What I wrote was this:
“I draw your attention to an article by Martyn Minns, titled "Is the Anglican Communion Network the best way forward" -- posted by Dr. Kendall Harmon.
In that article Fr. Minns states,
‘The Network was formed last year to support and encourage the life and ministry of those alienated by the actions of General Convention. The original suggestion came from a meeting that David Anderson, President of the AAC, and I had with Archbishop Rowan Williams at Lambeth Palace on September 18th, 2003. We had been invited to give a first hand report on the state of the Episcopal Church after Minneapolis. We shared something of our struggles and it was at that conversation that he suggested the need for a Network. He called it a Network of Confessing Dioceses and Parishes. He wanted to be sure that we used a positive name and not be identified as dissenters. He was also very deliberate in using the word "Confessing" because that would connect it with the "Confessing Christian" movement that stood for the orthodox faith in Germany at a time when the official Christian bodies were being manipulated and co-opted by the government of Nazi Germany. The name subsequently became the Network of Anglican Communion Dioceses and Parishes (or Anglican Communion Network or ACN).’”

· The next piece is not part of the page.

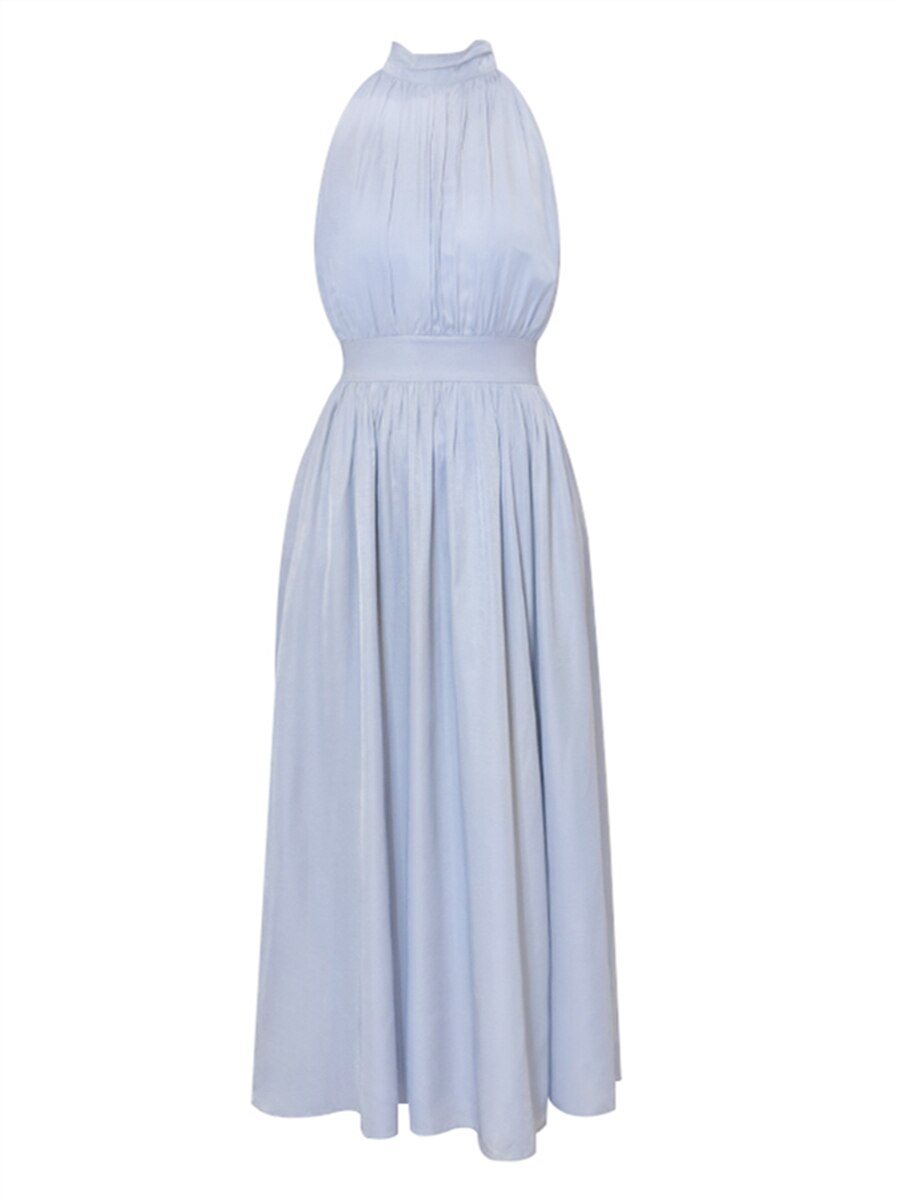 Levoire | Robe Midi En Chiffon Décolletée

I was called a busybody for taking important people away from their more important tasks to answer my question. Now, these years later, it is perhaps of some historical and ecclesial interest to note that Canon Minns, who has been active in the Network these three years, is now Bishop Minns whose missionary device is CANA, a part of the Church of Nigeria. Bishop Minns has been well placed these several years.

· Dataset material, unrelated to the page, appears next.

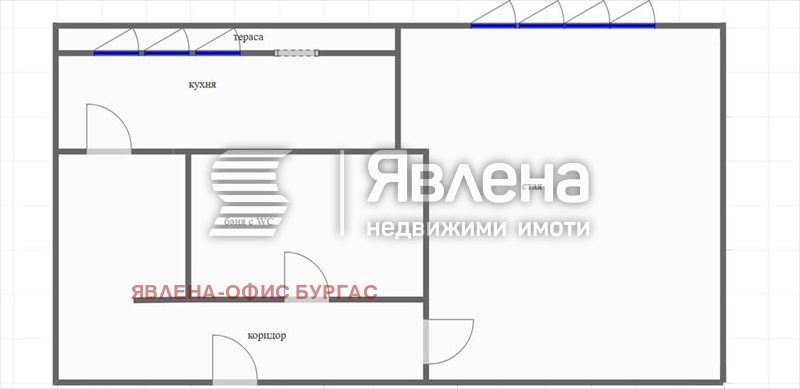 Продава 2-СТАЕН, гр. Бургас, Изгрев, снимка 12 - Апартаменти - 54796811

The Archbishop’s office stepped back three years ago from the reference to the Confessing Church, but not from the Archbishop having been part of the conversation. Now the Archbishops Office has stepped back from support of the consecration of Bishop Minns, but no word has been heard from the Archbishop personally to distance himself from the Church of Nigeria’s actions.

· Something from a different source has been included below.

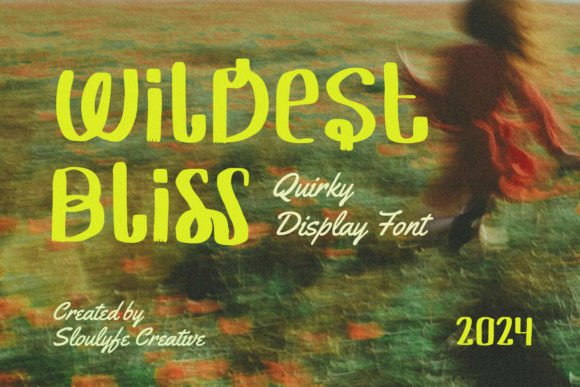 Wildest Bliss Display Font By Sloulyfe & Oyko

Perhaps I am still just a busybody, but I still hope that someone sees the reason for the questions: Too much seemingly is being done without any interchange (listening is a word that comes to mind) with those affected – the Episcopal Church, Gay and Lesbian Anglicans, etc. The voices of the Global South are heard, as are the moans of the realignment folk, and even the voices of the moderate in the Episcopal Church, but not the voices of progressives who believe that the claims of the baptized trump claims of tradition or purity codes. And should there be found such considerations of the progressive stance, it seems little when compared to the serious invitation to persons and organizations whose positions require no change from past tradition and ancient purity.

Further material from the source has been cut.